Are There Closing Costs Associated With the FHA Streamline Refinance?
The closing costs that are associated with Streamline Refinances are similar to other mortgages. One big difference is that there is no appraisal fee (unless you choose to get one). You might have to pay for a portion of the insurance and property taxes at closing though.
Let’s look at one example. If you live in an area where the property taxes are due in a few short months, your lender will require that you pay that tax installment. However, it’s important that you keep in mind that you’ll get a check from your current lender for the insurance and taxes that you’ve paid on your current loan but haven’t been disbursed.

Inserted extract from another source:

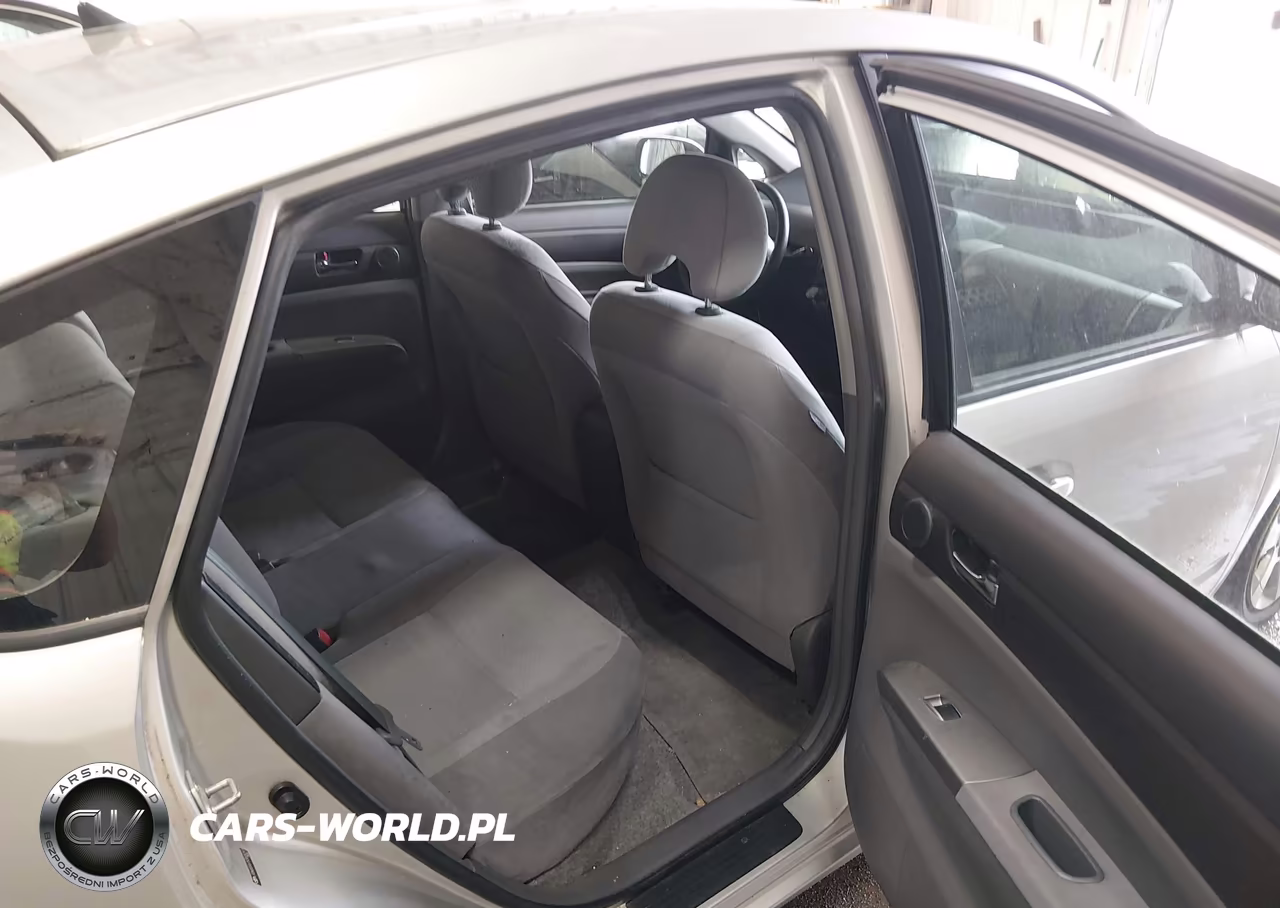 2005 Toyota Prius VIN:JTDKB20U753005297 - 8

If you’re running low on money, then you can ask your lender if they have lender credits. With these credits, you’ll pay a slightly higher interest rate but can use the profits from the loan to pay for your closing costs. And if you have equity in your home, then you may be able to wrap closing costs into a new loan amount with an appraisal.
You can normally expect to pay anywhere between $1,000 and $4,000 in closing costs for an FHA Streamline. However, this amount may be lower or higher depending on what your loan amount is as well as other factors. You’ll also need to provide 60 days of bank statements that show you have enough money to cover any closing costs that are out-of-pocket.
Your loan officer is going to give you an estimate of the total funds that are due. This estimated out-of-pocket amount can increase throughout the mortgage process, however. You should be ready to give additional or updated bank statements in order to show that you have the funds necessary to cover the increased amount.
It’s important to remember that you have to provide all bank statement pages to your lender. Even the blank pages.
And make sure that your name, account number, and address are on your statements as well. You’ll need the PDF version or mailed version of your full statement since online bank printouts don’t include your personal information on them.
The Importance of Knowing all about FHA Streamline Refinance
In these uncertain times, we don’t know which direction our economy is headed in. Many homeowners are getting by on very thin margins. But by educating yourself on the different mortgage refinance options out there, including FHA Streamline Refinance, you can make the financial decisions that are best for you and your family.